Registration Open for 8th Annual ‘Walk With The Stars’ Event
Registration is open for the 8th annual “Walk with the Stars,” one of the largest fundraisers organized by the Sickle Cell Disease Association of America (SCDAA) that supports the development of better treatments and a cure for sickle cell disease (SCD).
All proceeds from the July 10 event will go to SCDAA programs that are aimed at preventing disease complications through education, advocacy, increased awareness, and research. The two-hour fundraiser kicks off at 9 a.m. ET. Registration is $10.
The event is virtual again this year, so participants may walk, run, dance, jump rope, or even Hula-Hoop, at home or wherever they are to support the nonprofit organization. The top fund-raising teams and individuals will receive prizes.
The annual walk brings together advocates of every stripe and background across the U.S. to raise funds, as well as awareness. To date, the event has raised more than $500,000 to improve treatments and the quality of life of members of the sickle cell community. The goal for this year is to raise $30,000.
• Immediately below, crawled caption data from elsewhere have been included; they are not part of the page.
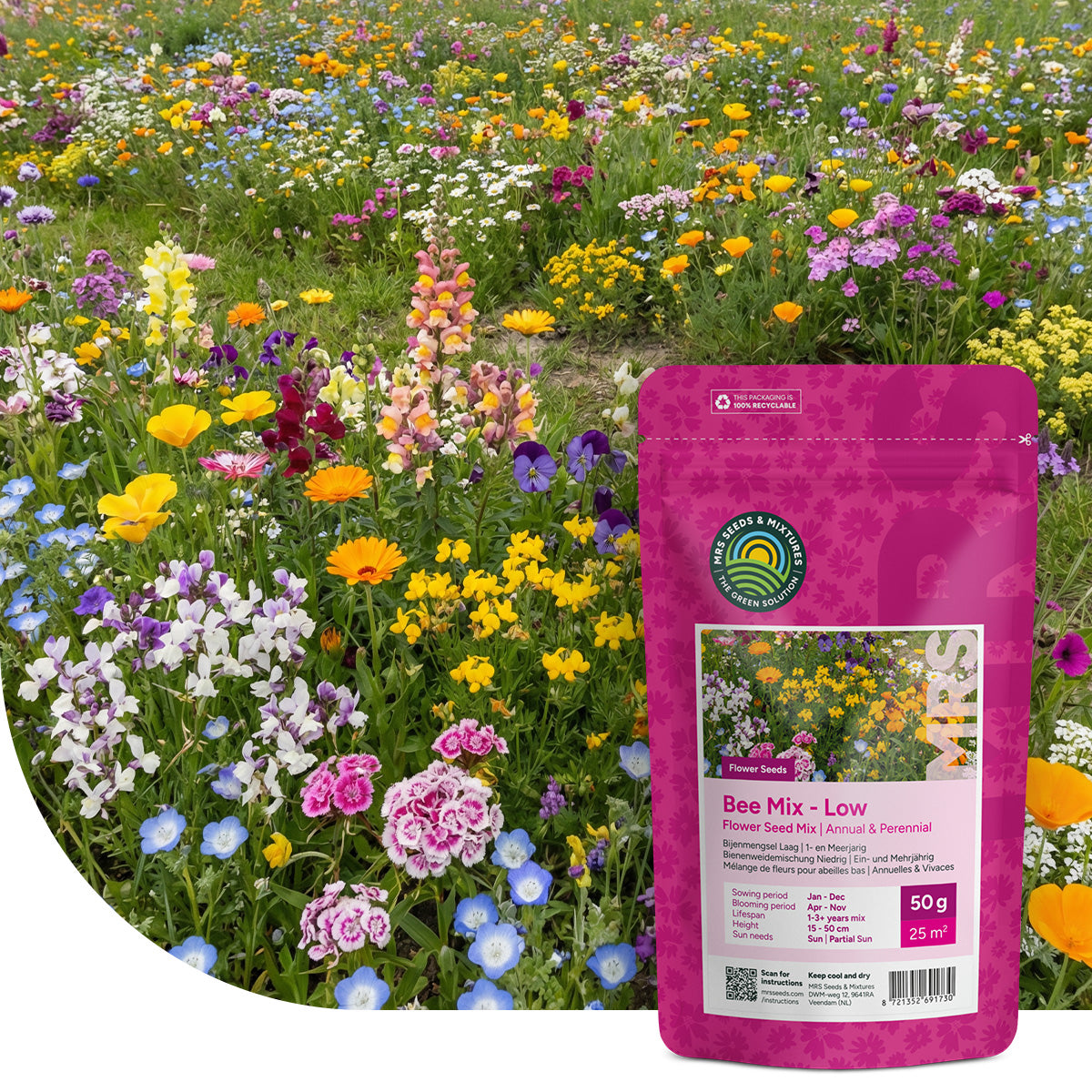 Bienenweidemischung niedrig ein- und mehrjährig
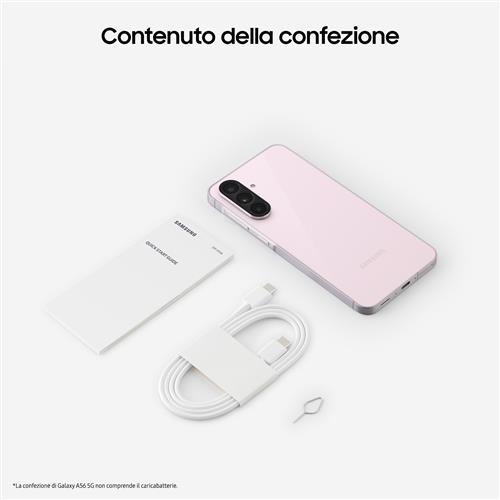 Samsung Galaxy A56 5G, Smartphone con Funzioni intelligenti, Display Super AMOLED 6.7”, 8GB RAM, 256GB, Camera 50MP, Batteria 5.000 mAh, IP67, Awesome Pink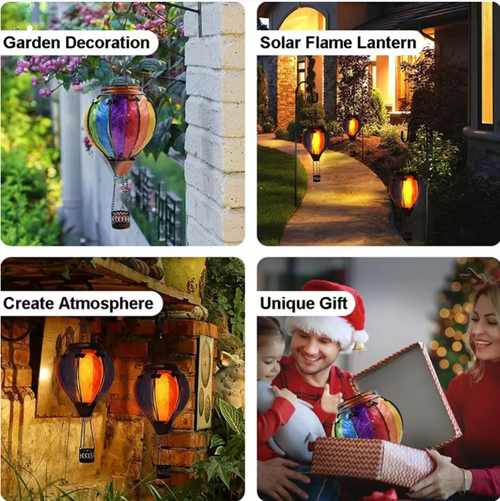 This handcrafted ironwork solar hot air balloon lantern: The artisan has created unique patterns. It can automatically recharge with solar energy without the need for wiring. It is IP65 waterproof and can withstand rain and wind. During the day, it functions as an artistic piece. At night, it emits warm light to create an atmosphere. It is suitable for use in gardens, patios, and balconies. It brings a romantic charm to the four seasons of the yard.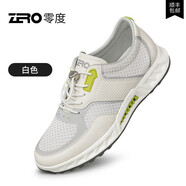 零度ZRO男鞋夏季透氣超輕發(fā)泡網(wǎng)面鞋時尚男士2025新款運(yùn)動休閑鞋 白色 44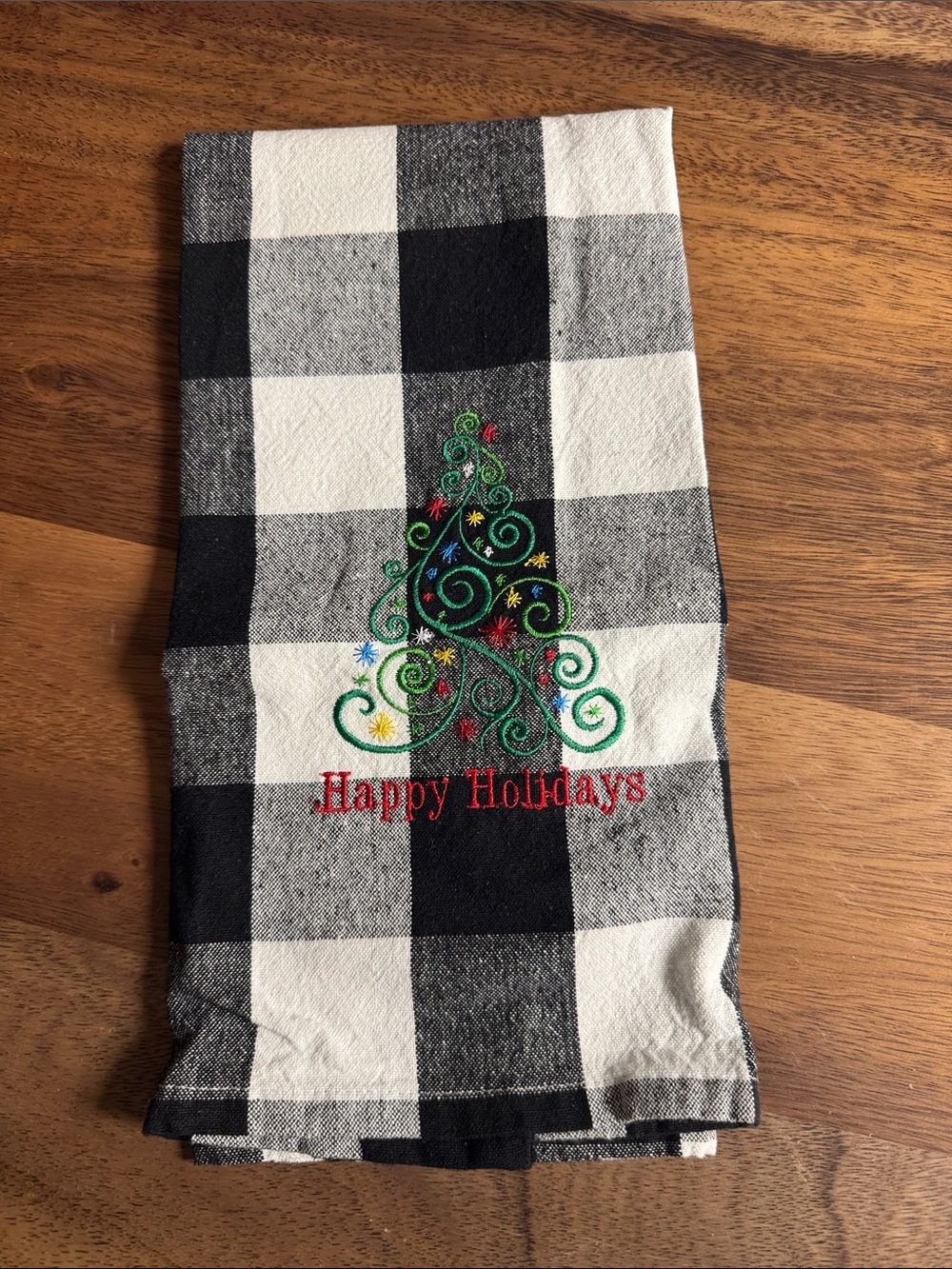 Holiday Buffalo Check Kitchen Towel with Green Tree Embroidery - Happy Holidays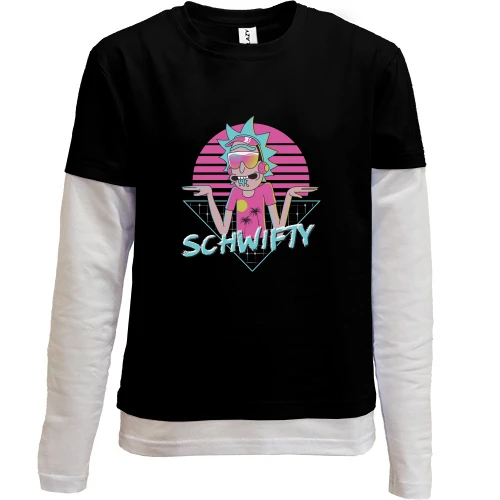 Комбинированный детский лонгслив, Черный, Rick schwifty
“When you participate in the Walk with the Stars, you are helping to build a future where there is a universal cure for sickle cell,” the organization stated in its announcement. “Together we are stronger. Together we can break the sickle cycle.”
Although event participants are welcome to raise funds through sponsorships of individual walks and runs in local communities, the organization also is encouraging the formation of virtual teams. More information on sponsorship opportunities is available here.
“Walk with the Stars is the perfect opportunity to encourage friends, loved ones, and coworkers to make a life-impacting change for all those affected by sickle cell disease,” the SCDAA stated. “United with every walker and runner, together we can raise the necessary funds which will get us that much closer to finding a universal cure.”
The event is being tagged and shared on social media with the hashtag #MoveForSickleCell.
Established in 1971, the SCDAA advocates for those living with SCD, and seeks to empower community-based organizations to maximize patients’ quality of life, while advancing the search for a cure.